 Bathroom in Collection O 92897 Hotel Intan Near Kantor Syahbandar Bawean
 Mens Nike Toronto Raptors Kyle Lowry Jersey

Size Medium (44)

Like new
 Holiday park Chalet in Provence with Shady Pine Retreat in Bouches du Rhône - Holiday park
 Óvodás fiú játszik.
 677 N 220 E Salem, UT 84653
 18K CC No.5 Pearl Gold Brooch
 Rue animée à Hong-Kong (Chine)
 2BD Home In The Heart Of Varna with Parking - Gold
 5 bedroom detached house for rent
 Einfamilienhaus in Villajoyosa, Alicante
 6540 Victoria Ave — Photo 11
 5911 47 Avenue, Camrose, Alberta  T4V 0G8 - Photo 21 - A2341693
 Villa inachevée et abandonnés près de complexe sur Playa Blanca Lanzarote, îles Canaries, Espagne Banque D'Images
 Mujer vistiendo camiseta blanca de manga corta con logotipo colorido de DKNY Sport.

---------------

§ **EXERCISE DETAILS**:
The entries above need to be transcribed with no differences at all.

§ **RESULT FOR THIS TASK**:
 Bathroom in Collection O 92897 Hotel Intan Near Kantor Syahbandar Bawean
 Mens Nike Toronto Raptors Kyle Lowry Jersey

Size Medium (44)

Like new
 Holiday park Chalet in Provence with Shady Pine Retreat in Bouches du Rhône - Holiday park
 Óvodás fiú játszik.
 677 N 220 E Salem, UT 84653
 18K CC No.5 Pearl Gold Brooch
 Rue animée à Hong-Kong (Chine)
 2BD Home In The Heart Of Varna with Parking - Gold
 5 bedroom detached house for rent
 Einfamilienhaus in Villajoyosa, Alicante
 6540 Victoria Ave — Photo 11
 5911 47 Avenue, Camrose, Alberta  T4V 0G8 - Photo 21 - A2341693
 Villa inachevée et abandonnés près de complexe sur Playa Blanca Lanzarote, îles Canaries, Espagne Banque D'Images
 Mujer vistiendo camiseta blanca de manga corta con logotipo colorido de DKNY Sport.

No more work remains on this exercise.